_THE PROBLEM_. I need every line of the material below that includes the string "Black".
####################
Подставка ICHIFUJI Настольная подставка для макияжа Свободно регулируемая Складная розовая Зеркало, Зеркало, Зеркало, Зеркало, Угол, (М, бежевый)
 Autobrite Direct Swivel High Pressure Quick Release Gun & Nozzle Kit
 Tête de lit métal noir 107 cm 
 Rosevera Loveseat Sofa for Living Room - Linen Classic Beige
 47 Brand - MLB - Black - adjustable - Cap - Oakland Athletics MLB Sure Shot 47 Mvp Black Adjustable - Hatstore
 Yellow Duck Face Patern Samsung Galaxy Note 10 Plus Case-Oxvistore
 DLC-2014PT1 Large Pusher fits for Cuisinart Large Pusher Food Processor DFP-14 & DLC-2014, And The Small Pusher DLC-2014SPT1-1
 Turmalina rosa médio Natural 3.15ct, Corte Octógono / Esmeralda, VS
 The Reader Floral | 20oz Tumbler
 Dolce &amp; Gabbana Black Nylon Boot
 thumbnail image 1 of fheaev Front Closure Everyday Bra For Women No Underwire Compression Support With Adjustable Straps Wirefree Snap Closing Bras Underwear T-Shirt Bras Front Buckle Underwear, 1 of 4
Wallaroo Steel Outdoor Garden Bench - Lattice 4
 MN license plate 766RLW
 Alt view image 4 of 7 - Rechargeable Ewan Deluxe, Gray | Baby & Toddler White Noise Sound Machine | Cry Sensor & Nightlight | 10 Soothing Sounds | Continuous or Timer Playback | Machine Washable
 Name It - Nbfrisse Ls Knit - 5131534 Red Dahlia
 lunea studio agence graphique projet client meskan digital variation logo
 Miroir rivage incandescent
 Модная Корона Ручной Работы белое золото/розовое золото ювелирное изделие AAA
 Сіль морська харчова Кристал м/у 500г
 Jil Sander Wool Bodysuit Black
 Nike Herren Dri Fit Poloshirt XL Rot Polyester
####################
_TASK SOLUTION_.
 47 Brand - MLB - Black - adjustable - Cap - Oakland Athletics MLB Sure Shot 47 Mvp Black Adjustable - Hatstore
 Dolce &amp; Gabbana Black Nylon Boot
 Jil Sander Wool Bodysuit Black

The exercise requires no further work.